Thomas Schäfer, der Chef der Marke Volkswagen, hat drastische Maßnahmen angekündigt, um den Automobilriesen finanziell auf Kurs zu halten. Im Mittelpunkt seiner Pläne steht die Aufhebung der bisherigen Beschäftigungssicherung, die seit Jahrzehnten betriebsbedingte Kündigungen ausgeschlossen hat. Diese Entscheidung könnte weitreichende Folgen für die Mitarbeiter haben, denn erstmals seit 1994 steht der Verlust vieler Arbeitsplätze im Raum, wie das Manager Magazin und weitere Medien berichten.
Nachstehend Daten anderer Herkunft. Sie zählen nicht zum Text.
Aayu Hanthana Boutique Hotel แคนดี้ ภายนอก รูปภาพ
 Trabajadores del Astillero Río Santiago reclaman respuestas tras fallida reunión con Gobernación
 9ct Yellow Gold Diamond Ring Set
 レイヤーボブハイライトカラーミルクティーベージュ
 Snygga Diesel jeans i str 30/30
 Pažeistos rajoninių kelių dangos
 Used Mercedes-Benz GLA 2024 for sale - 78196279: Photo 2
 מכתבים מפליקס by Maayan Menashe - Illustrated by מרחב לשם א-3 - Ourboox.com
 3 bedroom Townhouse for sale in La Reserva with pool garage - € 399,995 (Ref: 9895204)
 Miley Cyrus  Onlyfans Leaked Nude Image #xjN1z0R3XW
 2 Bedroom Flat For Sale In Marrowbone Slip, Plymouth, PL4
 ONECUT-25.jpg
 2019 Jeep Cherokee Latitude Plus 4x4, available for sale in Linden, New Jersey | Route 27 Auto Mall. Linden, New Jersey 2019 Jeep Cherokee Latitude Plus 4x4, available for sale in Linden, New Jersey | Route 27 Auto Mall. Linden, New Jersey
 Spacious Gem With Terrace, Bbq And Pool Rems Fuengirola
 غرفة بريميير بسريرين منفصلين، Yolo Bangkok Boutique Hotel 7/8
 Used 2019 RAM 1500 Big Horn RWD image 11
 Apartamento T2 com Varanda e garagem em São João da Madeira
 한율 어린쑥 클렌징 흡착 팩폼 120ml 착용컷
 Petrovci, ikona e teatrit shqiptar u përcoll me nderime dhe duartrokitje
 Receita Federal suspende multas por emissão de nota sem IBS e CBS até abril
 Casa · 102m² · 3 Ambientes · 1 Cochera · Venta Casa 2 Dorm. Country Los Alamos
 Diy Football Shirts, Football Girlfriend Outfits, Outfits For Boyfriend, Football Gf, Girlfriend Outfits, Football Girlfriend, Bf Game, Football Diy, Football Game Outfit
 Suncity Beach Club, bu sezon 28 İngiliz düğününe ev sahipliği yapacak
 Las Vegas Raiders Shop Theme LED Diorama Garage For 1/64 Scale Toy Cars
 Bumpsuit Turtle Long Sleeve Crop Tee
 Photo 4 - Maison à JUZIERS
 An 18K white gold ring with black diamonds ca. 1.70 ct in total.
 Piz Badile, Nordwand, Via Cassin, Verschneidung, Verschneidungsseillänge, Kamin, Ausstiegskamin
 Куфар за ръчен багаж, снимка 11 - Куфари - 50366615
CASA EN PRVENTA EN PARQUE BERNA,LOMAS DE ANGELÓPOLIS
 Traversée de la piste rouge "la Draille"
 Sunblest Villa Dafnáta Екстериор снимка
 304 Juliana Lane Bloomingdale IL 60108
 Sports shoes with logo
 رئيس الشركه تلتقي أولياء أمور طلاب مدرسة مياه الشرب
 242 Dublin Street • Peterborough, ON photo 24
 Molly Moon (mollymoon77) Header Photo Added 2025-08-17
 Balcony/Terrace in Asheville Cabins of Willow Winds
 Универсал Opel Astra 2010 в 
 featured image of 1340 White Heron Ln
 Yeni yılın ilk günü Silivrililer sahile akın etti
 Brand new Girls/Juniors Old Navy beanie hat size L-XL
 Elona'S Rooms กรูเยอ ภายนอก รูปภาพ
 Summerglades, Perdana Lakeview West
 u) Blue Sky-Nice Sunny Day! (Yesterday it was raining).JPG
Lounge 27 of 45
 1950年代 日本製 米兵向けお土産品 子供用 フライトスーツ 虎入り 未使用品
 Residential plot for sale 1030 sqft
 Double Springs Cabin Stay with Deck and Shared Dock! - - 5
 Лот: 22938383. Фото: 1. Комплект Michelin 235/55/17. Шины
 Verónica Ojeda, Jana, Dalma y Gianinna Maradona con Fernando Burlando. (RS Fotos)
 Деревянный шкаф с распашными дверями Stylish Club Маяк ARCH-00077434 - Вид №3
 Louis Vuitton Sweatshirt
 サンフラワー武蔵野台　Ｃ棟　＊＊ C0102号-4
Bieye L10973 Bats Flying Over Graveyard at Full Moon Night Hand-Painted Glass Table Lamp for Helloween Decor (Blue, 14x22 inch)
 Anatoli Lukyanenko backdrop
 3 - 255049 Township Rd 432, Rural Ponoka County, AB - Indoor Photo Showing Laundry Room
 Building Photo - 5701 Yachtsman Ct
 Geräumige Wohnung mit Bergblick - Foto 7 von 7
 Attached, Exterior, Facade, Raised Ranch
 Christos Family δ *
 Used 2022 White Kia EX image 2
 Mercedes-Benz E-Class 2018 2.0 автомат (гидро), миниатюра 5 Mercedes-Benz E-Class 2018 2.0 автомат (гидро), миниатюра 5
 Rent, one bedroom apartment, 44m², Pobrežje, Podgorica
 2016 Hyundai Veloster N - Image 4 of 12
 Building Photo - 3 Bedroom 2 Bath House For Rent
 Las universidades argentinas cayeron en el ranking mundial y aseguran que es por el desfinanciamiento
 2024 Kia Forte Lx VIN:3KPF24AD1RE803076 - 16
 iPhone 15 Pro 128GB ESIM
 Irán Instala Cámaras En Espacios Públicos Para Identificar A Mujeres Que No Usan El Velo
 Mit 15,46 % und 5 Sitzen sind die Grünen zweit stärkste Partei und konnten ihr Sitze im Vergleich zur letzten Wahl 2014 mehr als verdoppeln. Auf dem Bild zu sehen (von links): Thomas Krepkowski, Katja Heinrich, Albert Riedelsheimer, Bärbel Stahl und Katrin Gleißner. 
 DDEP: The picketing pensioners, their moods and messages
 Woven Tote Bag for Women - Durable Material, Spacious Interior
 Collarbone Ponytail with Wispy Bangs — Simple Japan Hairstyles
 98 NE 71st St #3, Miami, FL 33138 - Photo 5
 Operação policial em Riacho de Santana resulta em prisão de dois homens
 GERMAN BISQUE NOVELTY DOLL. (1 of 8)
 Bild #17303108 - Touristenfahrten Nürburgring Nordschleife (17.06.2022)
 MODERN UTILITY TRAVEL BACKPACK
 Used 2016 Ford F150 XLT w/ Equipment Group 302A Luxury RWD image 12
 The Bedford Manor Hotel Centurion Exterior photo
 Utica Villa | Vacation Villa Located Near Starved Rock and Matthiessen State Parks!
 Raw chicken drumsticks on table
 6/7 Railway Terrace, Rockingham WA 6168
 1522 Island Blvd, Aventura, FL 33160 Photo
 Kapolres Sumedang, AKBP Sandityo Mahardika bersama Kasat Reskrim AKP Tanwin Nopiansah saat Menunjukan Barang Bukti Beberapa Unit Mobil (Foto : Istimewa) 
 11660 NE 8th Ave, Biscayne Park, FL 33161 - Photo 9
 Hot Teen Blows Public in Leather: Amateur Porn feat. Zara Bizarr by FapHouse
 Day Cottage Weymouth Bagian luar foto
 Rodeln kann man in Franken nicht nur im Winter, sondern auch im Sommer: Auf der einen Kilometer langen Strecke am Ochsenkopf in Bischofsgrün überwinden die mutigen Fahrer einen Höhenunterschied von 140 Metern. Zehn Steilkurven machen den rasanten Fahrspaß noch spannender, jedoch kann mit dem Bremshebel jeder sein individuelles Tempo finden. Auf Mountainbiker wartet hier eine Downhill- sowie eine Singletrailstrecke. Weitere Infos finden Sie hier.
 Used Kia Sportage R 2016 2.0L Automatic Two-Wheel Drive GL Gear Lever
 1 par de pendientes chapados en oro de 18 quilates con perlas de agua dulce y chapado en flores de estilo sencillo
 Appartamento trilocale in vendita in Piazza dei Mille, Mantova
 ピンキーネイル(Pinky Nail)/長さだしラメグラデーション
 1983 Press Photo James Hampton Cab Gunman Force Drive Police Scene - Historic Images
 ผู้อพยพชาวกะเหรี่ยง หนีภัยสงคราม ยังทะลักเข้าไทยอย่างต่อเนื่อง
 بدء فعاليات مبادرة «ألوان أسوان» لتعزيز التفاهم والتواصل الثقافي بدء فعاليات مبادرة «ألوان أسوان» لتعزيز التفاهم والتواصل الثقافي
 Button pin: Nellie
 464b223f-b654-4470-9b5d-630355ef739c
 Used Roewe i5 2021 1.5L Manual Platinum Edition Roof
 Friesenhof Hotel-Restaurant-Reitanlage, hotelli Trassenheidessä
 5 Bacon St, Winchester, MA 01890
Volkswagen plant zudem die mögliche Schließung mehrerer Werke in Deutschland, den Berichten nach soll könnte ein Montagewerk und ein Komponentenwerk betroffen sein. Unter anderem könnten die Standorte in Wolfsburg, Emden, Hannover, Zwickau und Osnabrück betroffen sein, ebenso wie die Teilewerke in Kassel, Braunschweig, Chemnitz und Salzgitter. Auch die gläserne Manufaktur in Dresden sei Teil der Überlegungen.

Betriebsratschefin Daniela Cavallo kündigte bereits harten Widerstand gegen die Pläne an. Sie sieht in den Sparmaßnahmen einen „Angriff auf unsere Beschäftigung, Standorte und Tarifverträge“. Der Vorstand habe versagt, so ihre deutliche Kritik. Es sei klar, dass der Konzern auf turbulente Monate zusteuere. Aktuell beschäftigt die Marke Volkswagen rund 110.000 Mitarbeiterinnen und Mitarbeiter in Deutschland. Cavallo will nicht eine einzige Stelle verloren geben: „Was wir jetzt brauchen, sind keine Rendite-Rambos, die Zusagen brechen. Sondern ausgeruhte Top-Manager, die sich ihrer Verantwortung für die Marke und die Beschäftigten bewusst sind“, so die Automobilwoche.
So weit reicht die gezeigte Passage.